The proposed amounts to be carried over by Vote are set out in Schedule 2 to the Bill. The 2021 Revised Estimates Volume sets out detailed financial and key performance information for Departments and offices. Part III of the Estimates includes, for each Vote availing of the capital carryover facility, a table listing the amounts to be deferred by subhead. In line with last year, section 3 of the Appropriation Bill includes a specific provision to allow for an advance from the Central Fund to the Paymaster General's supply account, with this advance then being repaid to the Central Fund in January. The amount included this year is up to €280 million. The need for this provision arises as certain Exchequer liabilities and social welfare payments are due for payment by electronic funds transfer on 1 January and 4 January 2021. With the banking system closed on 1 January, funding will need to be in place in departmental bank accounts before the end of this year to meet those liabilities on a timely basis. In addition, An Post needs to be pre-funded before the end of 2020 in order to physically transfer cash to its network of post offices throughout the State.

These Exchequer pay, pension and social welfare payments form part of the supply services for 2021, and these costs will come under moneys voted in 2021 in respect of which the usual processes and mechanisms for voted moneys will apply. The signed Act is required by the Comptroller and Auditor General for clearance of the end-year issues from the Exchequer. Under Article 25.2.1o of the Constitution the President may not sign a Bill earlier than the fifth day after the date on which the Bill is presented to him. However, there is provision in Article 25.2.2o of the Constitution whereby, at the request of the Government and with the prior concurrence of Seanad Éireann, the President may sign a Bill on a date earlier than the fifth day mentioned. In view of the urgency of this Bill, the provision in Article 25.2.2o is sought, and a motion to this effect is placed before the Seanad.Such an earlier signature motion has also been sought in relation to the Appropriation Bill in previous years.
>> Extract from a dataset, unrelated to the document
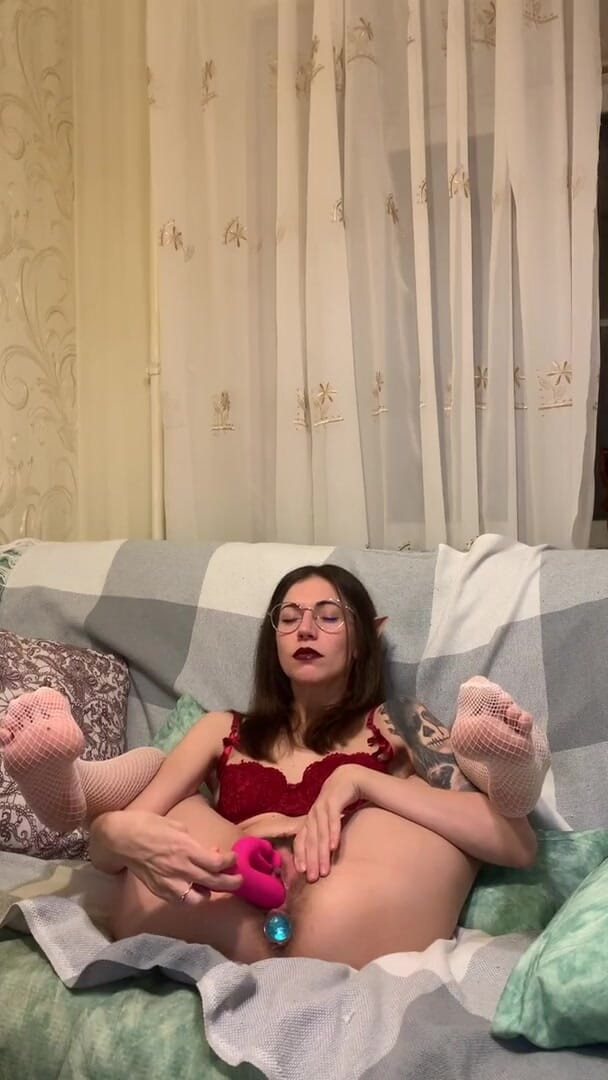 Tina Wink: O pisicuță sălbatică cu tatuaje suge vibratorul și își aduce pizda la...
The Appropriation Bill is an essential element of housekeeping which those of us in both Houses of the Oireachtas are required to undertake. The passing of the Bill will authorise in law all of the expenditure that has been undertaken in 2020 on the basis of the Estimates voted on by the Dáil during the year. The passage of the Bill, which is of fundamental importance to those who depend on our essential public services, will also ensure that payments funded from voted expenditure in 2020 can continue to be funded in 2021 in the period before the Dáil approves the 2021 Estimates. I commend the Bill to the House.